At November 30, 1998, $0.4 million of capitalized and accrued interest had been 
added to the facility.

NOTE 8. COMMITMENTS

   The Company has made guarantees and commitments to invest additional equity
and working capital into certain of the Leap Wireless Operating Companies. As of
November 30, 1998, these commitments



                                       12
   13


totaled approximately $62.8 million. The Company expects to fund its commitments
with borrowings under the Credit Facility.
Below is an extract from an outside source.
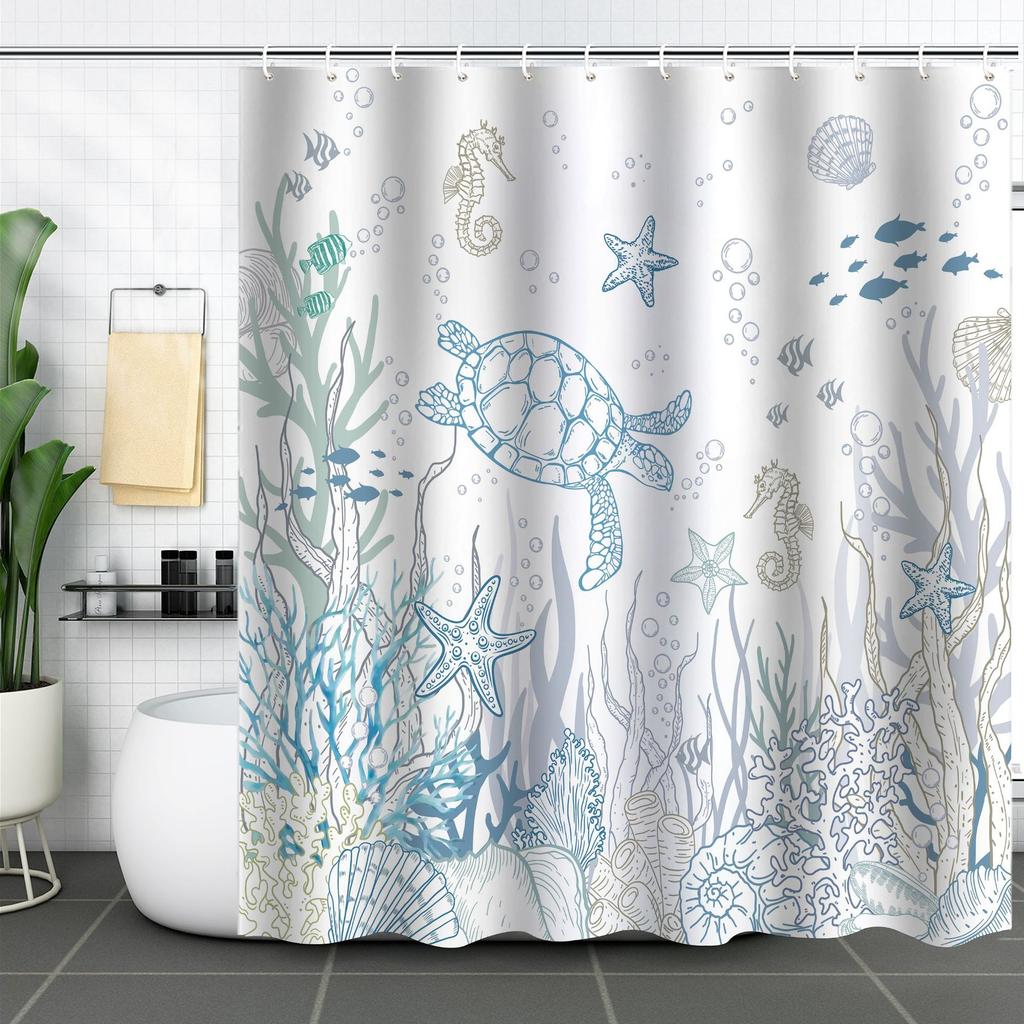 Shower Curtain Waterproof And Mildew-Proof Digital Printing Starfish Shell Shower Curtain Bathroom Partition Curtain Free Punching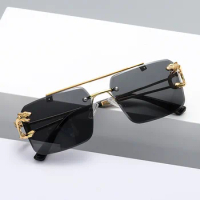 Fashion Trendy Sunglasses Women Square Shape Rimless Cut Edge Sun Glasses Man Woman UV400 Protection Travelling Sunglass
NOTE 9. STOCKHOLDER RIGHTS PLAN

     On September 9, 1998, the Company's Board of Directors adopted a 
Stockholder Rights Plan (the "Rights Plan"). Pursuant to the Rights Plan, the 
Board of Directors declared a dividend, payable on September 16, 1998, of one 
preferred purchase right (a "Right") for each share of common stock, $.0001 par 
value, of the Company outstanding at the close of business on September 11, 
1998. Similar Rights will generally be issued in respect to common stock 
subsequently issued. Each Right entitles the registered holder to purchase from 
the Company a one one-thousandth share of Series A Junior Participating 
Preferred Stock, $0.0001 par value per share, at a purchase price of $90 
(subject to adjustment). The Rights are exercisable only if a person or group 
(an "Acquiring Person"), other than QUALCOMM with respect to its exercise of 
the warrant granted to it in connection with the Distribution, acquires 
beneficial ownership of 15% or more of the Company's outstanding shares of 
common stock. Upon exercise, holders, other than an Acquiring Person, will have 
the right (subject to termination) to receive the Company's common stock or 
other securities having a market value (as defined) equal to twice the purchase 
price of the Right. The Rights, which expire on September 10, 2008, are 
redeemable in whole, but not in part, at the Company's option at any time for a
price of $0.01 per Right.

In conjunction with the distribution of the Rights, the Company's Board of 
Directors designated 75,000 shares of preferred stock as Series A Junior 
Participating Preferred Stock and reserved such shares for issuance upon 
exercise of the Rights. At November 30, 1998, no shares of preferred stock were 
outstanding.


NOTE 10. SUBSEQUENT EVENT

    In December 1998, the Company agreed to purchase substantially all the
assets of Chase for $6.3 million, plus a warrant to purchase 1% of the common
stock in a wholly-owned subsidiary of the Company for $1.0 million, transfer of
the Company's stock ownership and warrants to purchase stock in Chase and
certain contingent earn-outs. This acquisition involves the transfer of licenses
which are subject to approval by the FCC, therefore the final closing of the
transaction will not occur unless approval by the FCC is obtained.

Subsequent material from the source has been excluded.